● **Exercise instructions**
Without the pictures, set down the records below word for word.

● **Excerpted records**
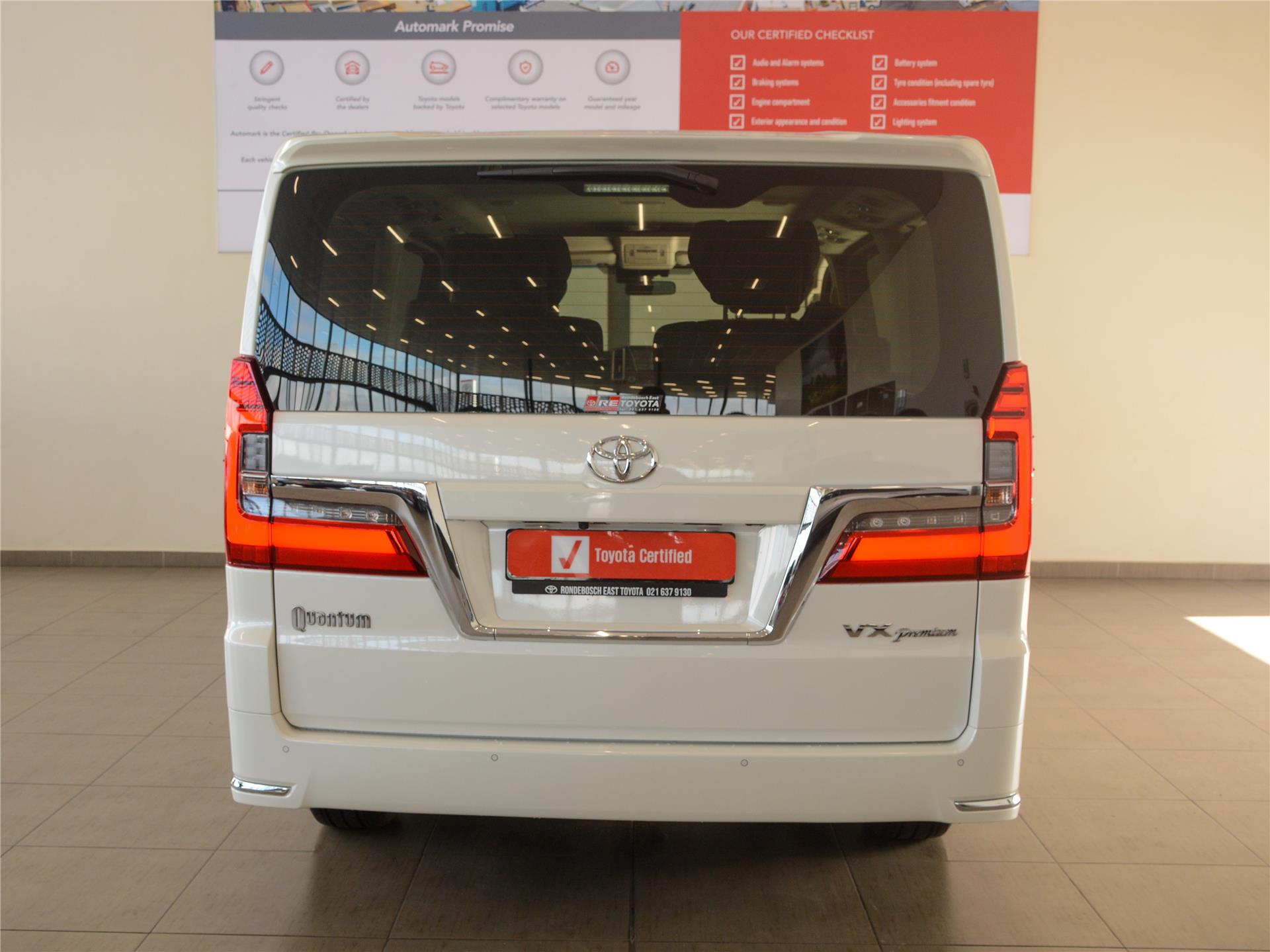 Demo 2023 Toyota Quantum Bus for sale in Cape Town Western Cape ID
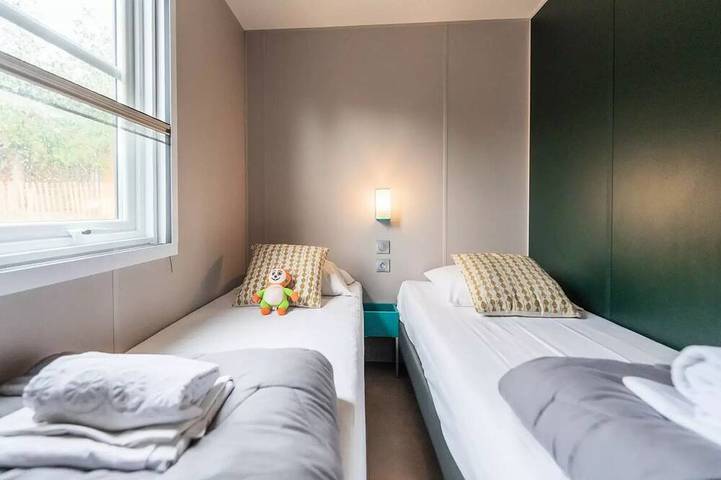 Mobil home pour 8 personnes dans Baie Saint-Michel - 4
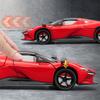 1:24 SP3 Daytona Leichtmetall Sportwagen Modell Diecasts Metall Rennfahrzeuge Automodell Simulation Sound Licht Sammlung Kinderspielzeug Geschenk
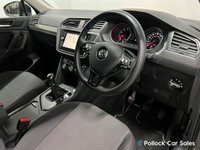 USED 2019 19 VOLKSWAGEN TIGUAN ALLSPACE 7 Seat 1.5 TSI Match SUV 5dr Petrol Manual  7 Seat, Rear Camera, Park Sensors, CarPlay, 19" Wheels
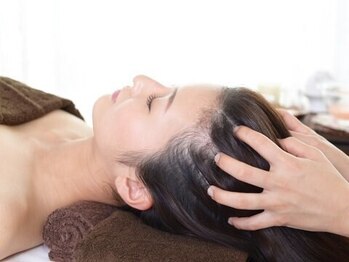 マヤソルティ/ドライヘッドスパ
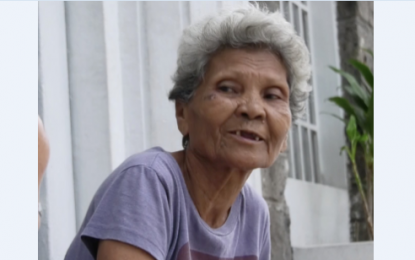 Living among the dead: Nanay Diday’s story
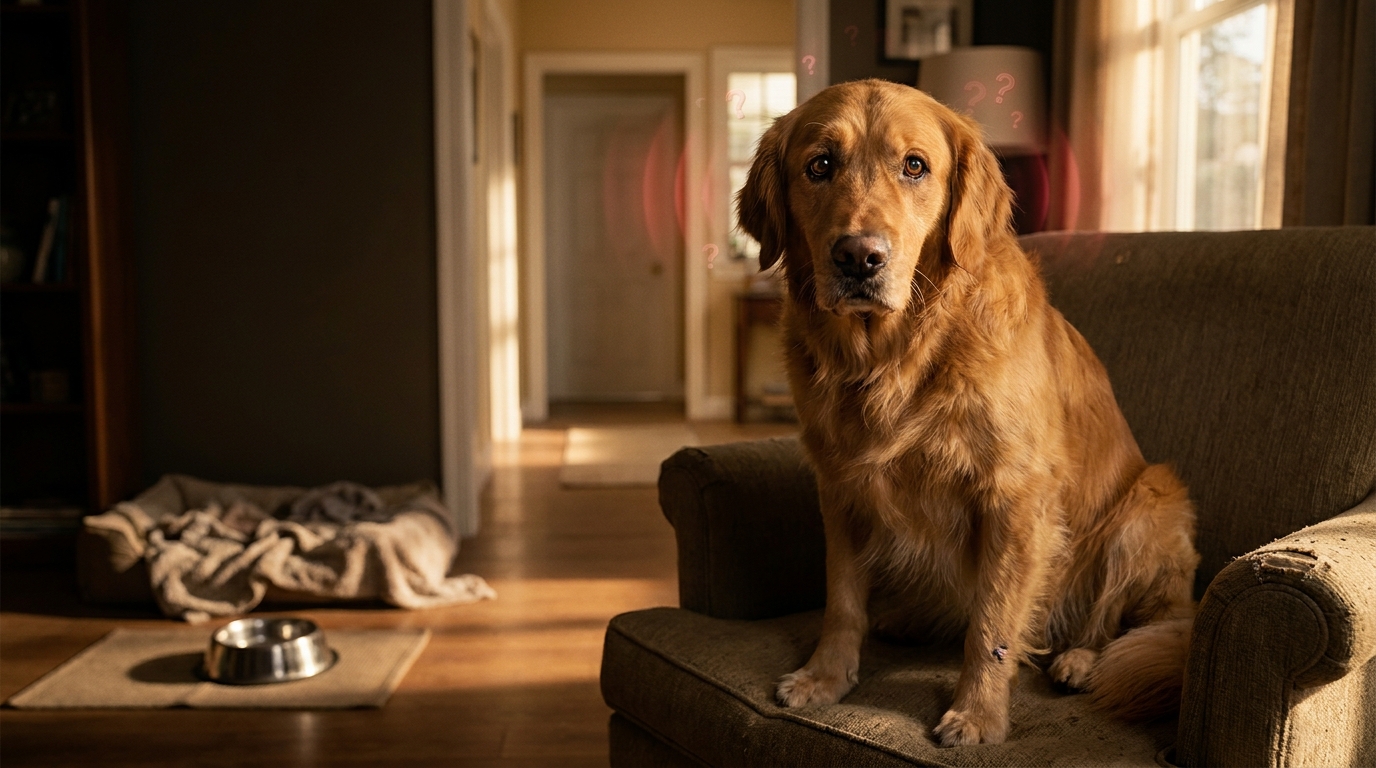 Your Dog May Be Stressed Without You Knowing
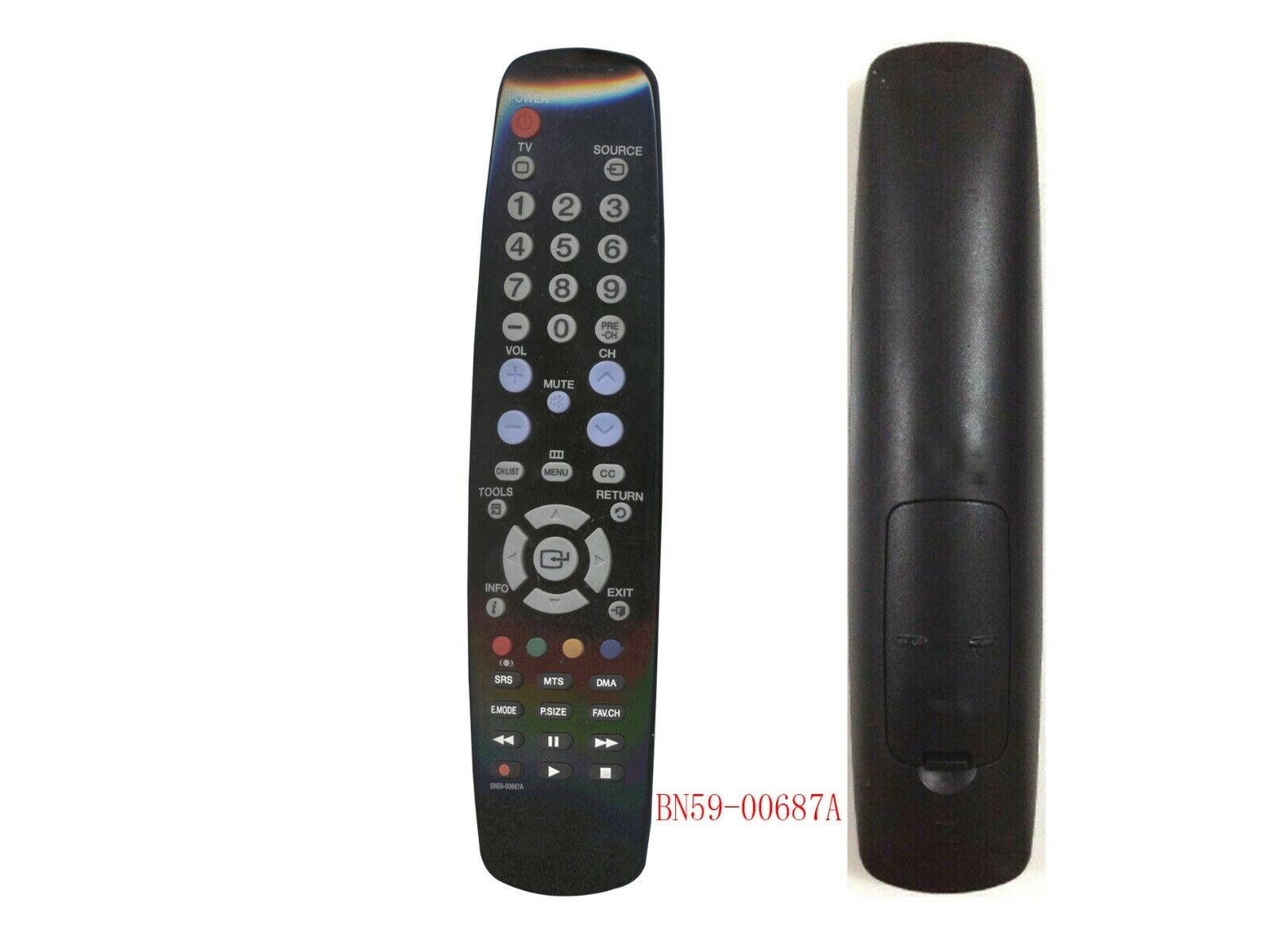 New Samsung Replacement Remote BN59-00687A sub BN59-00857A BN59-01041A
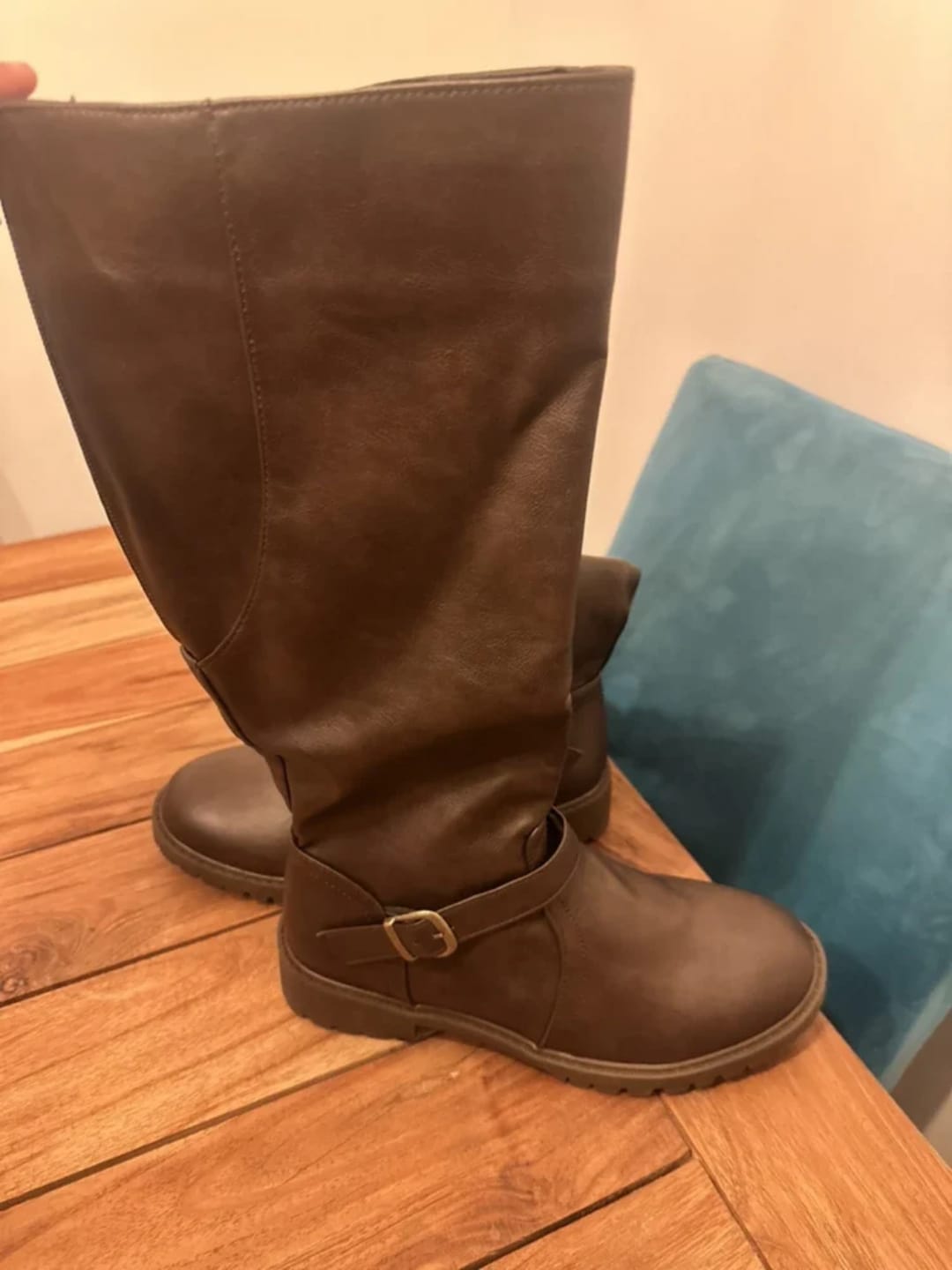 Customer photo review of FRANCESCA | BOTAS ORTOPÉDICAS DE CUERO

● **Written answer**
 Demo 2023 Toyota Quantum Bus for sale in Cape Town Western Cape ID
 Mobil home pour 8 personnes dans Baie Saint-Michel - 4
 1:24 SP3 Daytona Leichtmetall Sportwagen Modell Diecasts Metall Rennfahrzeuge Automodell Simulation Sound Licht Sammlung Kinderspielzeug Geschenk
 USED 2019 19 VOLKSWAGEN TIGUAN ALLSPACE 7 Seat 1.5 TSI Match SUV 5dr Petrol Manual  7 Seat, Rear Camera, Park Sensors, CarPlay, 19" Wheels
 マヤソルティ/ドライヘッドスパ
 Living among the dead: Nanay Diday’s story
 Your Dog May Be Stressed Without You Knowing
 New Samsung Replacement Remote BN59-00687A sub BN59-00857A BN59-01041A
 Customer photo review of FRANCESCA | BOTAS ORTOPÉDICAS DE CUERO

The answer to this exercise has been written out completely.